Era tal mi admiración, rayando en el proselitismo, por su tipología cerámica que, cuando tuve la suerte de conocer personalmente a Guillem, gracias a la amistad compartida con Juan Zozaya, el respeto que me produjo su presencia me impidió articular palabra alguna…, silencio interrumpido tras el ofrecimiento de un cigarro que compartimos.

A partir de aquel placer social compartido, y de alguna otra paella…, comenzó nuestra amistad y colaboración desinteresada que se puso de manifiesto cuando al inicio de mis excavaciones en el yacimiento califal de las dunas de Guardamar del Segura (Alicante), en diciembre de 1984, descubrimos excepcionales y extraordinarios grafitos en escritura cursiva árabe para los que le solicité el apoyo de su equipo de grafitólogos con aquilatada experiencia en Mallorca, formado por Margalida Bernat i Roca, Elvira González Gozalo y Jaume Serra i Barceló, que en el verano de 1985 procedieron al calco de todas las inscripciones parietales, las conservadas en la actualidad y las desaparecidas en estos años por efectos del desgaste medioambiental, estudiadas y publicadas por Carmen Barceló.

Fig. 4. Guillermo junto con Enrique Llobregat presentando nuestro libro La Rábita califal de Guardamar (Alicante), en 1989.

Otra manifestación de su amistad, por la que estoy muy agradecido, fue cuando en ese mismo año y valorando el novedoso hallazgo arqueológico me invitó a su presentación en las V Jornades d’Estudis Històrics Locals que organizó en Palma de Mallorca, constituyendo un encuentro de primer orden en el que por primera vez se presentaba, entre otros, el excepcional conjunto cerámico califal de Benetússer (Valencia) por F. Escribá; el primigenio estudio sobre las cerámicas orientales importadas de Valencia de Josep. V. Lerma o el de J. Navarro sobre “la loza dorada” del ataifor de Zavellá; a todos ellos añadir, entre otras, la incipiente investigación arqueológica del yacimiento del Castillejo de Los Guájares (Granada) en cuya dirección participaba G. Rosselló, junto con A. Malpica y los investigadores M. Barceló y P. Cressier. Novedosas aportaciones científicas inmersas en un abierto y enfrentado debate, en el que también participaron los profesores M. Acién, Mikel de Epalza y M.ª Jesús Rubiera, y en el que fuimos testigos de la ruptura dialéctica entre los seguidores de las tesis de P. Guichard, presente en las Jornadas, y los de M. Barceló sobre la concepción de la formación social de la sociedad tributaria de al-Andalus. Prematuro debate en una arqueología de al-Andalus que comenzaba a dar sus primeros pasos.

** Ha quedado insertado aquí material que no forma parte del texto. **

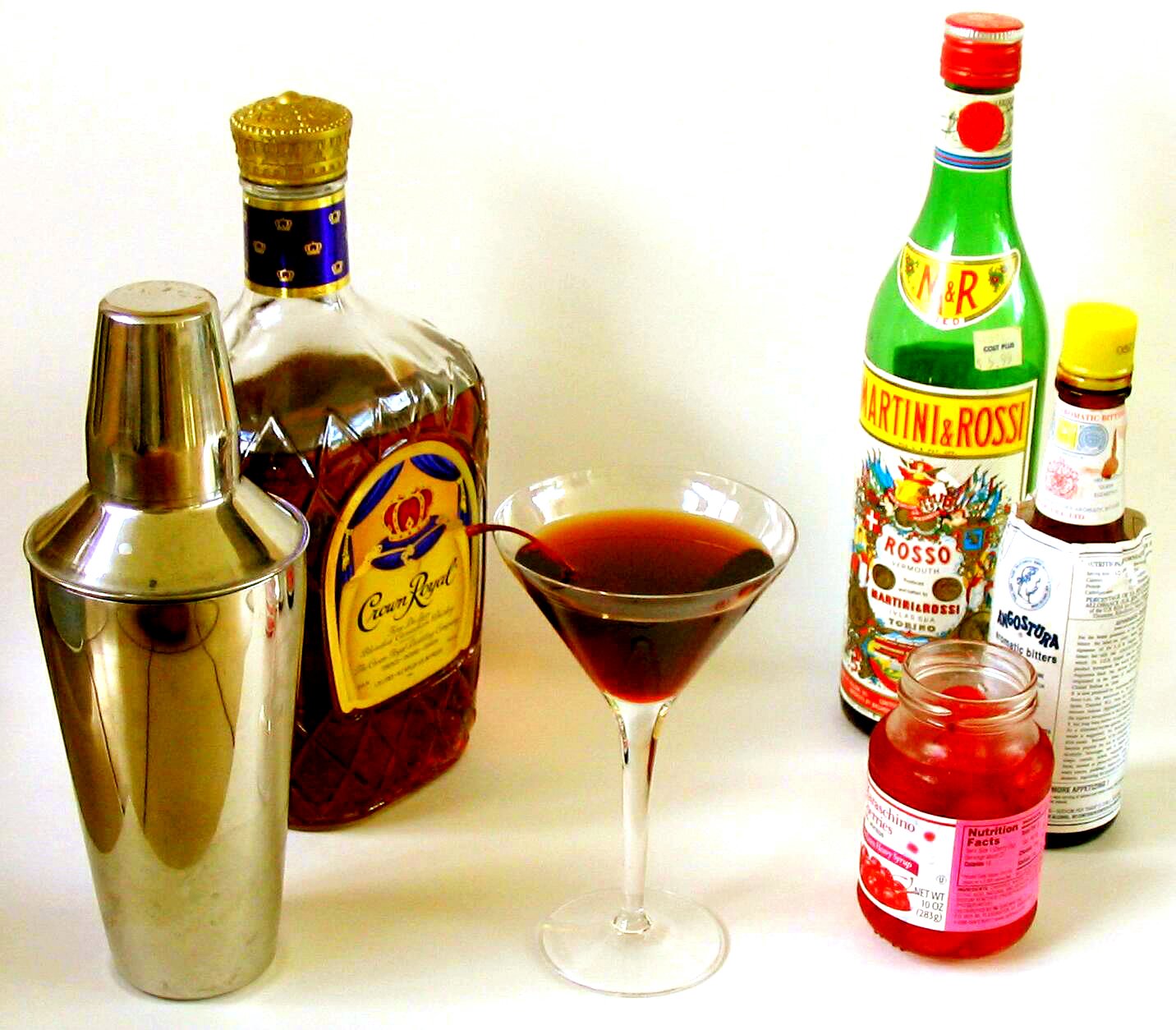 Коктейль Manhattan с бутылкой Angostura bitters, виски и вермутом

En mayo de 1987, aceptó formar parte del tribunal de mi tesis doctoral sobre la “Denia islámica”, en cuyo acto reconocía públicamente mi aportación a su tipología cerámica con la incorporación de cuatro nuevas series: la ampolla, el tintero, la linterna y el bacín. Formas recogidas posteriormente en su obra definitiva El nombre de las cosas en al-Andalus: una propuesta de terminología cerámica (1991), de la que tuvo la deferencia de regalarme un ejemplar con la siguiente afectuosa dedicatoria: “A Rafael Azuar, uno de los que primero se enganchó con estas historias mías”.

Fig. 5. Guillermo con los otros miembros de mi tribunal de tesis, de derecha a izquierda, Manuel Acién, Enrique Llobregat y Mikel de Epalza, acompañados de M.ª Antonia Martínez.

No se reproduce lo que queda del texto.